Posted by jasmine20 on Tuesday, April 17, 2007 at 5:42pm.

Can someone set this up in equations so i can solve them i would greatly appreciate it. THanks.


Problem #3
The base of a ladder is 14 feet away from the wall. The top of the ladder is 17 feet from the floor. Find the length of the ladder to the nearest thousandth.

Problem #4
A rectangular garden is to be surrounded by a walkway of constant width. The garden's dimensions are 30 ft by 40 ft.
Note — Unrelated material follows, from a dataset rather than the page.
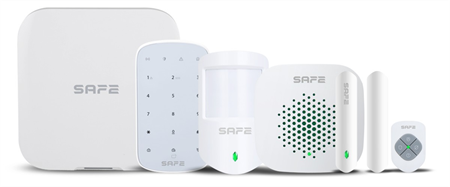 SAFE Starter Kit Plus, bílá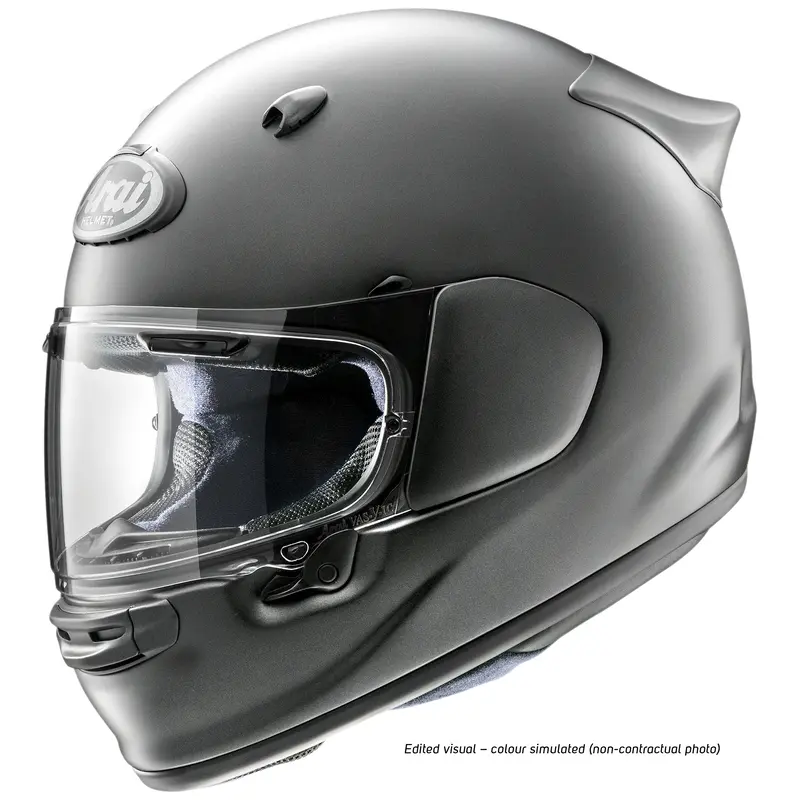 Motorrad-Integralhelm Arai Quantic - Frost Gun Metallic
The total area, garden plus walkway, is to be 1800 ft2. What must be the width of the walkway to the nearest thousandth?


112 because im smart im 10 and im in the 11th grade


oh sorry the answer is 2,000

the next one is 4,000

-x+y=6

I do not want the answers just the equations.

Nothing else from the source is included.